Australian warehouse market drags racking arm sales figures and profits down

 

Manufacturing group GUD is looking for a lift in its Dexion subsidiary following a troubling first half of the financial year.

The tepid performance has been sheeted home to a domestic industrial racking market in the doldrums resulting in a 10 per cent reduction in sales to $86.5 million while underlying gross earnings were down 118 per cent to $700,000.

This in turn has spurred write-downs revealed in the group’s first-half results.

“Recognising that getting Dexion to acceptable levels of return is taking longer than anticipated, we have written down Dexion’s goodwill by $15 million and taken a write-down on obsolete and slow moving inventory of $4 million pre-tax,” MD Jonathan Ling says.

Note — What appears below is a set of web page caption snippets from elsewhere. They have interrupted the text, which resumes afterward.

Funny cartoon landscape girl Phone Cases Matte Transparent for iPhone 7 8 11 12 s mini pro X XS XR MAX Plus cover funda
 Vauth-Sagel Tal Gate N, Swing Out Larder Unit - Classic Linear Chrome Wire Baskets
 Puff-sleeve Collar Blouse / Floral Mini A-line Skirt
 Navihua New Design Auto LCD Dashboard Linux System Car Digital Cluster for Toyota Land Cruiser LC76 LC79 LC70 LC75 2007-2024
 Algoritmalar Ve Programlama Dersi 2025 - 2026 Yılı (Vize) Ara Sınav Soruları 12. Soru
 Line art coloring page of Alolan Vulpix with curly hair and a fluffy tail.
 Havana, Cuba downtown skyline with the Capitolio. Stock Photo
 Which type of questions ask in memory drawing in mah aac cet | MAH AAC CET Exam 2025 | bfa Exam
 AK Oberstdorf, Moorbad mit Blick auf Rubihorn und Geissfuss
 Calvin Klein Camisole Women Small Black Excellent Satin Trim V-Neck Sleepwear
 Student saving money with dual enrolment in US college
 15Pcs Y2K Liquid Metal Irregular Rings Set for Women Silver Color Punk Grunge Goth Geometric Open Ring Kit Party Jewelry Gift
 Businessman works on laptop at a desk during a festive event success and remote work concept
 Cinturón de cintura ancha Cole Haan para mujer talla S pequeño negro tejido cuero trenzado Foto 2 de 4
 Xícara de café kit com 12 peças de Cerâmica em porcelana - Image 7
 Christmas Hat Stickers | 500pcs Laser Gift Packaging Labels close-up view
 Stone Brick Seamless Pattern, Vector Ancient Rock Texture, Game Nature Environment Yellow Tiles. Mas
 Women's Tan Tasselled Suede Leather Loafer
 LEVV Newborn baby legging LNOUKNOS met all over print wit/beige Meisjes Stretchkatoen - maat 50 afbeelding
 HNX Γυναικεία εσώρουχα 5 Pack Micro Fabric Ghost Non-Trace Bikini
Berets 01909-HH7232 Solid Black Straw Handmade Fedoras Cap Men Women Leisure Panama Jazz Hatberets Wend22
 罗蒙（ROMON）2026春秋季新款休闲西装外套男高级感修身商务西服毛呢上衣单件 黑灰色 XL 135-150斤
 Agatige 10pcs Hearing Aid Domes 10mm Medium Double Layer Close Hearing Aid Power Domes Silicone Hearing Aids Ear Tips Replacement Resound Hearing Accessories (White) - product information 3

“Dexion’s performance in the half was negatively affected by weak project demand in the Australian racking products market and recovered overhead costs associated with operating the Malaysian factory at volumes below its break-even position.”

The lack of any major Australian racking project has been partially offset by strong racking project activity in New Zealand, Asia and Middle East.

While Dexion’s order bank remained essentially the same as June 30 ant $62 million, “orders on the Australian racking business increased appreciably over the half and this, when combined with progress on current major projects in out other marker areas, provides and improve outlook for sales in the second half”, the group says.

So, despite the tough times, GUD expects Dexion’s second half to see improved sales due to stronger Australian order bank and progress on current major projects.

Reported group net profit after tax of $1.7 million was down from $17.3 million for the previous first half.

This includes $18.5 million after tax of impairment costs, predominantly goodwill in Dexion.